And I am getting tired of losers spreading this same lame excuse why contemporary so-called art plain and simple sucks and why the industry (see that word, it's "Industry", not "creative people") supposedly suffers so badly.

Let's get some simple facts straight here. Throughout human history, only a fistful of musicians, writers and artists actually ever managed to make a living with their work. And even those artists who managed to get published always only received a fraction of the money that was made with their work -- most of it stayed with the producers and record labels, what on the streets is nowadays called the "Content Mafia".

As a matter of fact, the mass of professional musicians make their money with LIVE PERFORMANCES - NOT with CD sales. For somebody who is not Metallica, CDs are just another form of marketing that brings people to their concerts. Just ask the next professional Jazz musician that you meet if it's true or not. Some of the greatest names in Jazz barely managed to pay for the bus tickets to get to their own concerts, and having records published didn't help them there either - and I'm talking about a time twenty years before there even was an Internet. Only few get rich by selling CDs - and those few usually have their OWN record labels, like Madonna.

There was a time before the Internet when record labels still had a function: They had a distribution channel, they paid for the ad campaigns, they drowned radio stations in their products and they had the studios.

Well, studios can be rented per day or even per hour, and most bands WITHOUT record contracts do this and pay for it with their own money. An adequate studio can be rented for a few hundred bucks per day, so it's not unaffordable.

Now with the Internet being the default distribution channel for music, nobody needs CD factories anymore.

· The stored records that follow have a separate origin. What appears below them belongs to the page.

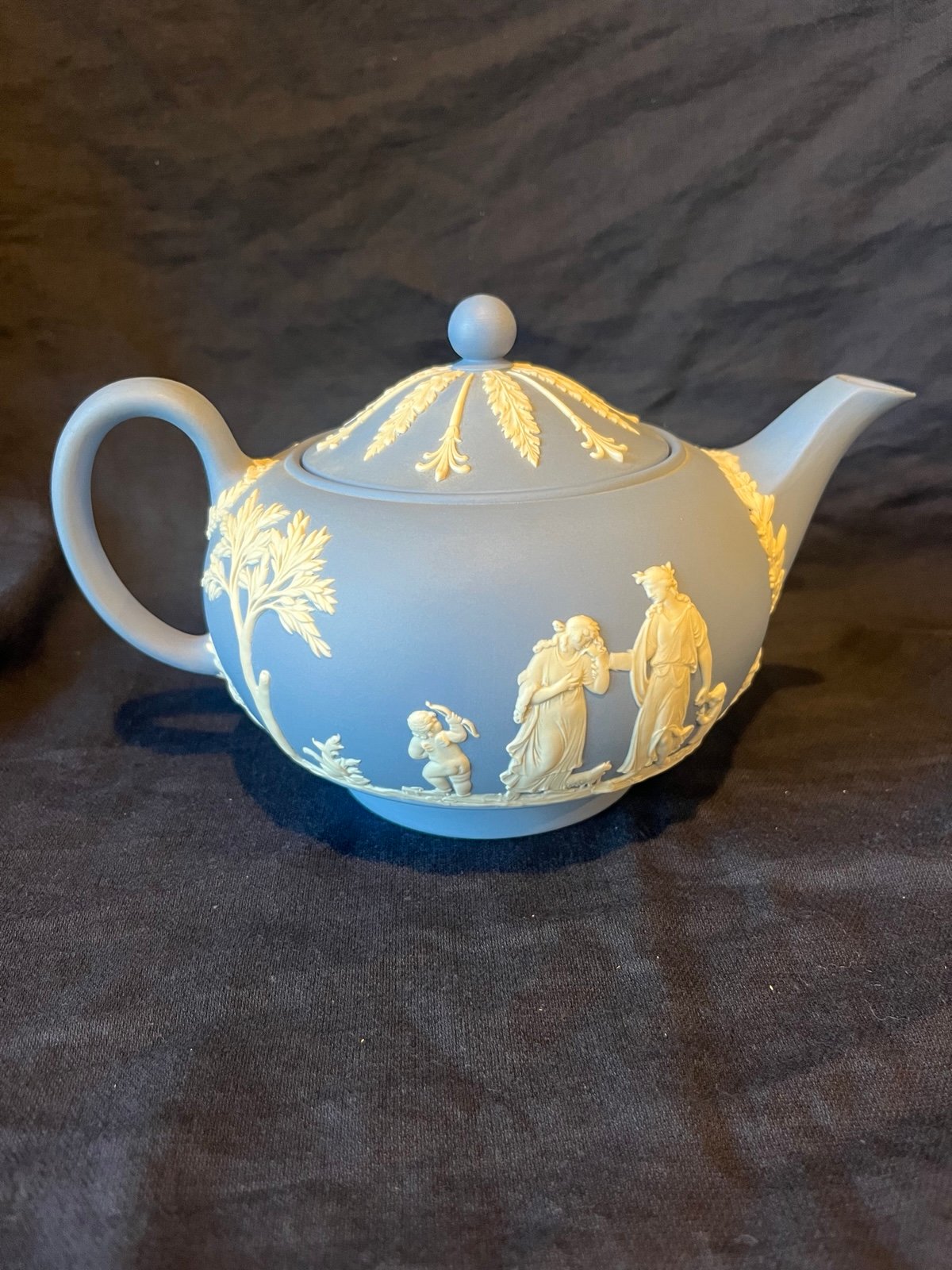 Vintage Wedgwood Jasperware Light Blue & White Teapot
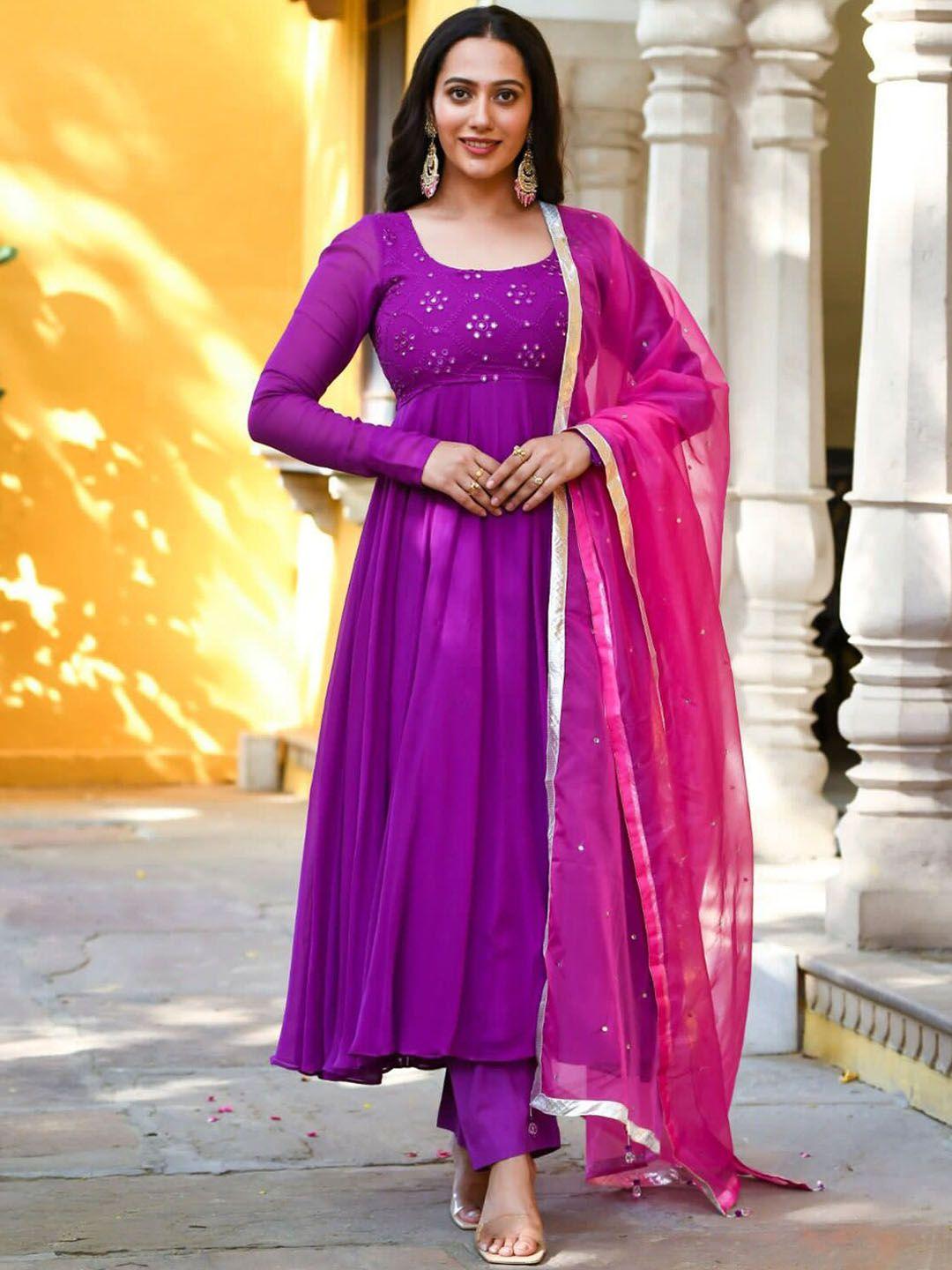 kalini embroidered maxi length gown with dupatta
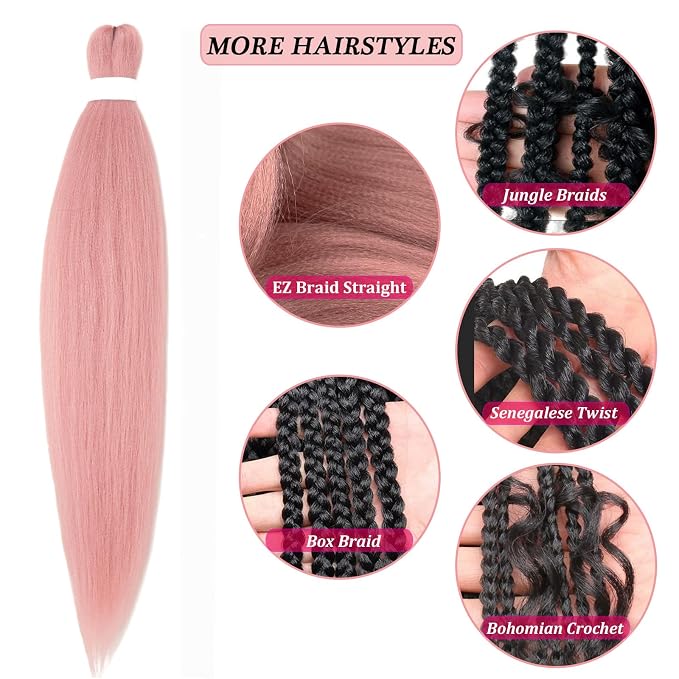 Rose Gold Pink Braiding Hair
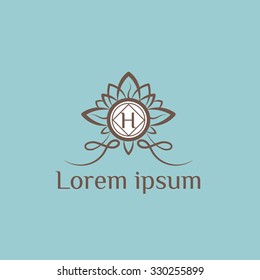 H letter vintage vector logo template (sign, symbol, emblem, ornament)
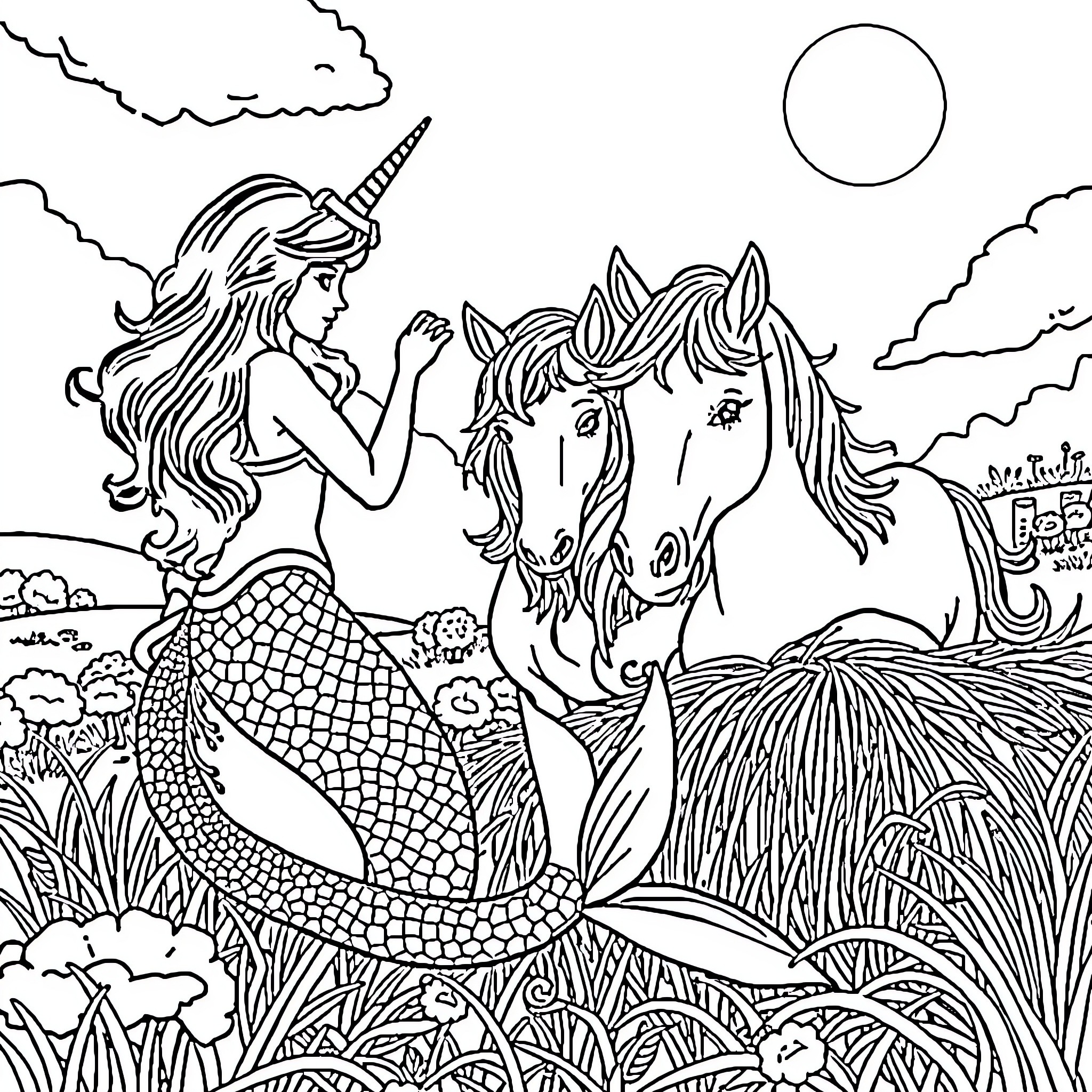 Mermaid and unicorns in a fantasy landscape Coloring Page (free black-and-white line drawing printable PDF for all, from beginners to advanced learners, including children, teens, adults, and seniors)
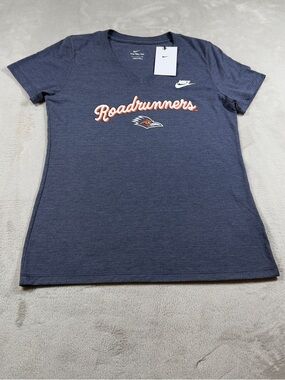 Nike Women’s Navy Roadrunners V-Neck Tee with Orange Accent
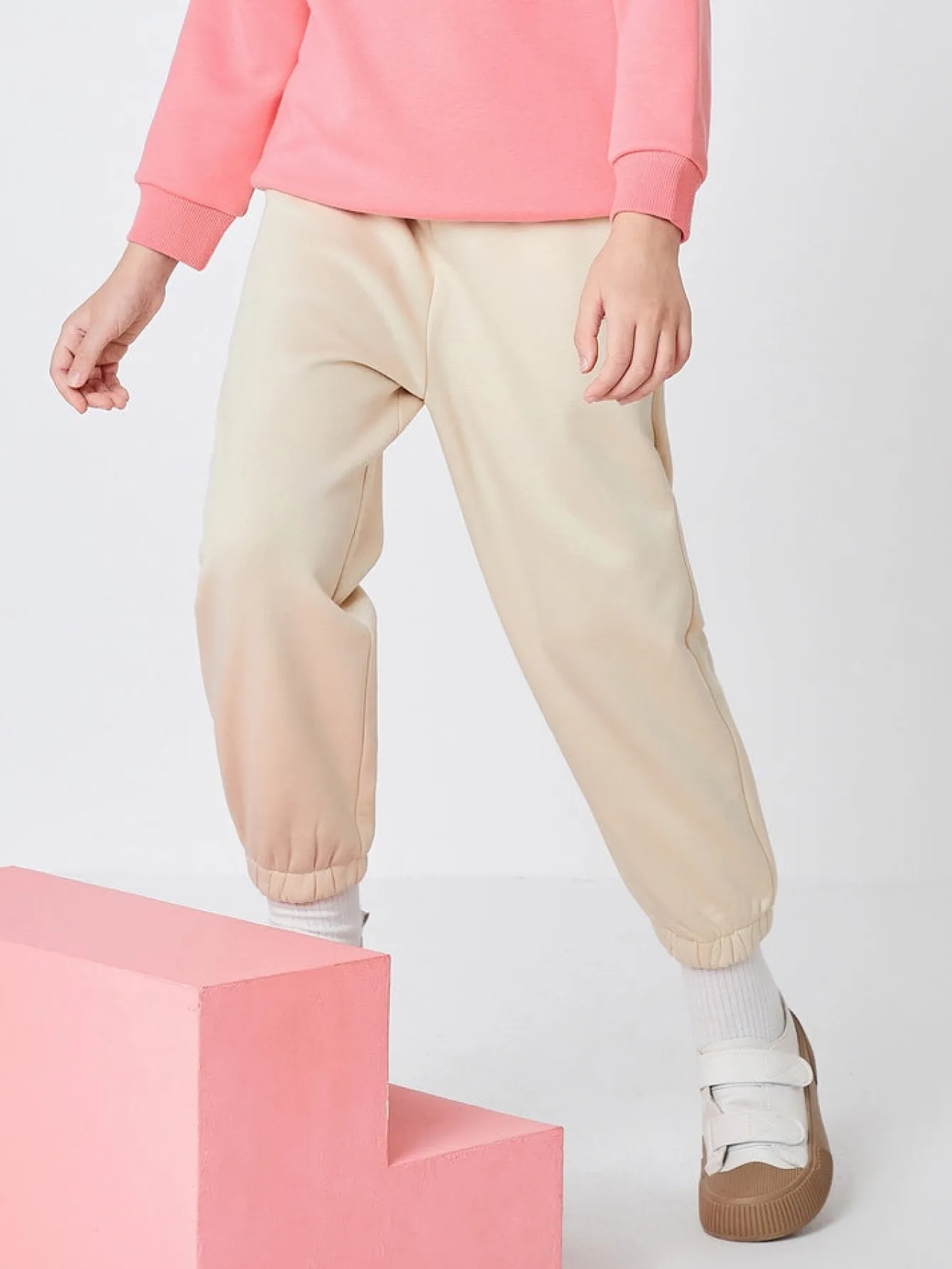 Balabala Toddler Multicolor Parent-Child Style Comfortable Trousers Light Khaki Hot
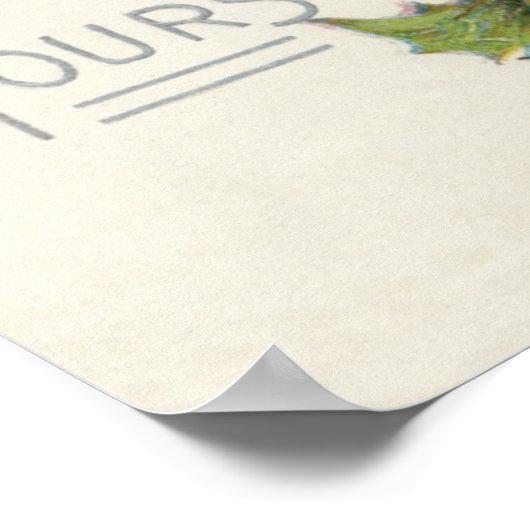 mandje Holly Winterberry Poster (Hoek)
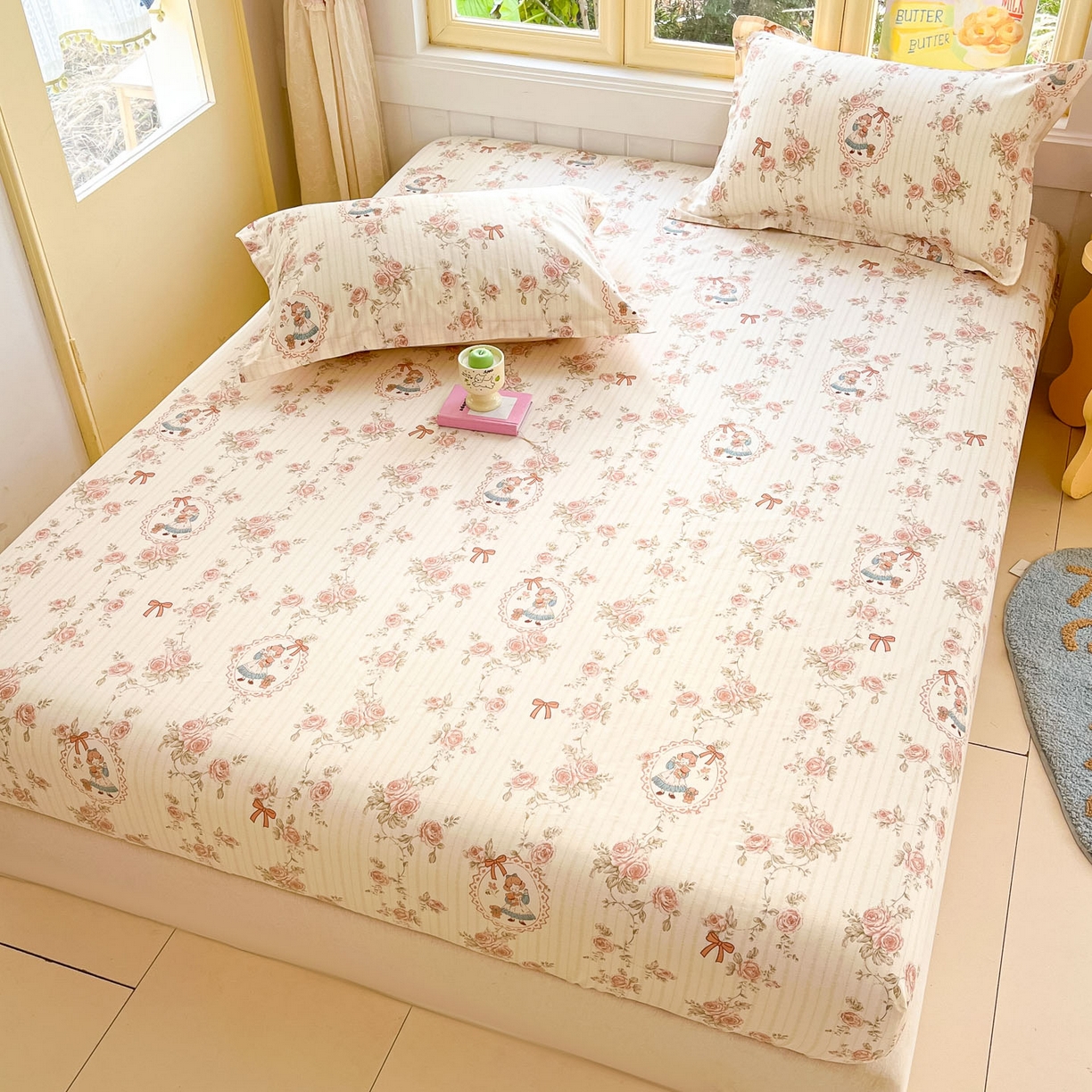 91家纺网 家纺一手货源 找家纺 莱通家纺 2026春夏新款全棉12868印花四件套单品系列-单床笠 蔷薇姑娘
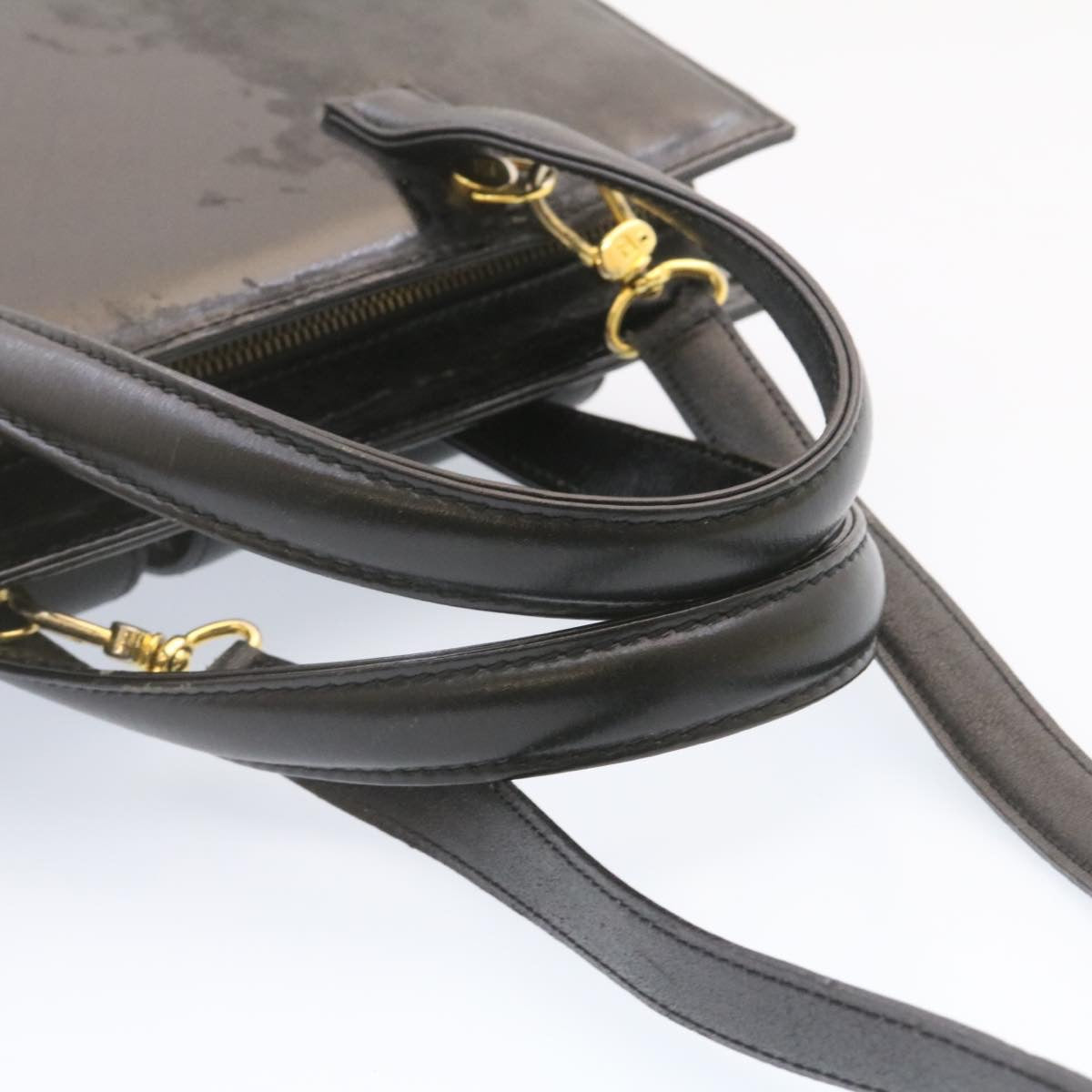 FENDI Hand Bag Leather 2Way Black ai073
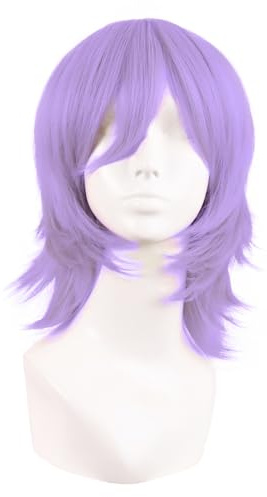 MapofBeauty 14 Pollic/35 cm Corto Cosplay Costume Anime Parrucche Wolf Tail Sintetico Capelli Party Parrucche (Leggero Viola)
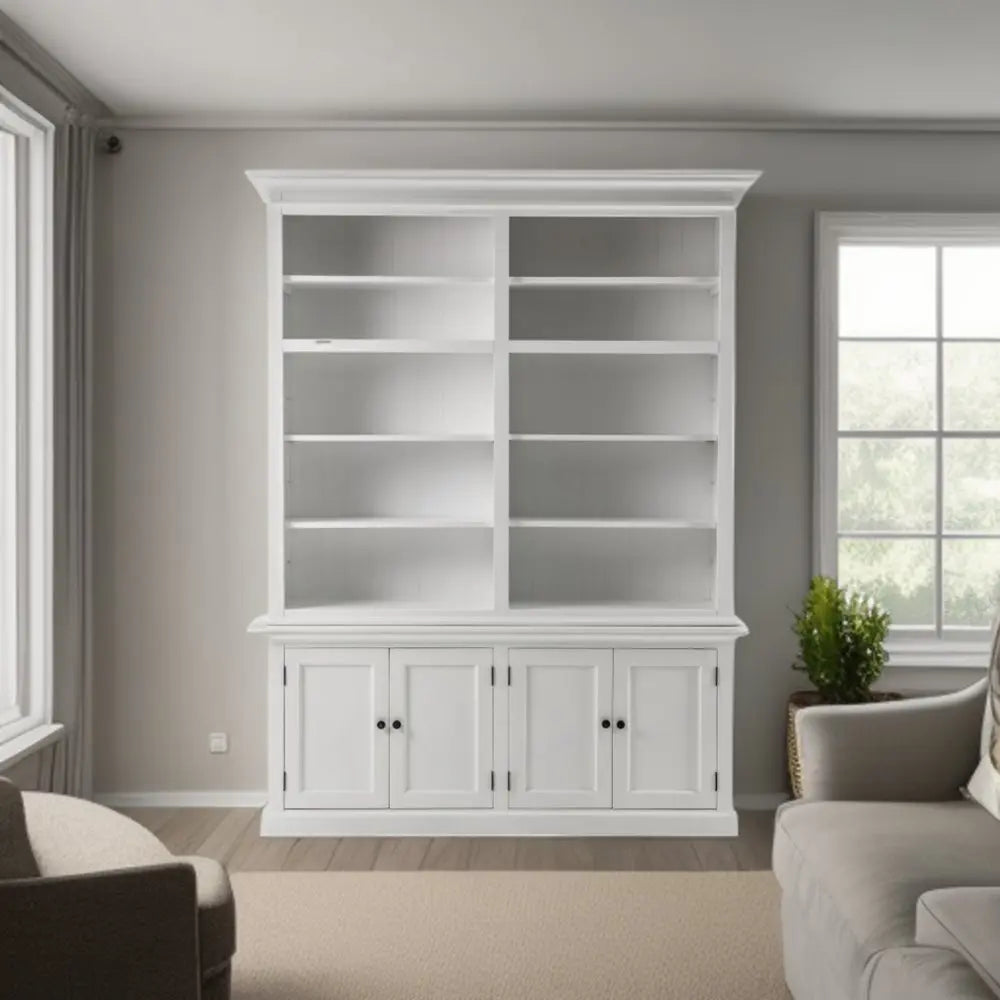 87" White Solid Wood Adjustable Four Tier Bookcase HomeRoots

In other words: The production costs have gone against zero. You still need talent, though. And talent is a rare resource.

So the remaining function of a record label is advertising the "product" - traditional ad campaigns are expensive, but I think that only mainstream garbage really needs those ads because it wouldn't sell otherwise.

It's not the freeloaders that killed the industry. It was modern technology that made that industry OBSOLETE. Like somebody said, nobody uses carrier pigeons anymore, people moved on to using eMail and SMS instead.

So, actually you're right, but for different reasons. The record and book industries are dying because of the Internet. There's a new method of content delivery available now that made them entirely obsolete. This changed everything for the companies, because they are no longer needed. Musicians and Writers, on the other side, have finally become FREE from the power of those big bullies, and especially independent artists are not complaining about the changed rules.

The movie industry will also have to adept to the new media, or it will die, too. I don't know about you, but I don't want to buy DVDs or BluRays anymore and I certainly do not want to go to a movie theater anymore. I want the content delivered directly to my computer, WITHOUT DRM, and at a reasonable price - not the fantasy prices that iTunes still charges for inferior quality rips, and definitely not for the same price that I would have to pay for a physical medium that I don't even want anymore.

Production costs of a movie are MUCH higher than they are for a novel or a music album, but this has always been a problem and it didn't magically appear when the Internet became a mass medium. Interestingly enough, the producers of the James Bond franchise found ways to already have their movies in the black before they even hit the theaters -- product placement pays well, it seems. So apparently there are ways to solve this problem.

The computer gaming industry also enters a phase where it is getting harder and harder for them to sell software licenses. Crytek and other studios are planning to launch their next blockbuster titles FOR FREE and they plan to generate their revenue via in-game sales for certain digital content that hardcore players might want to have.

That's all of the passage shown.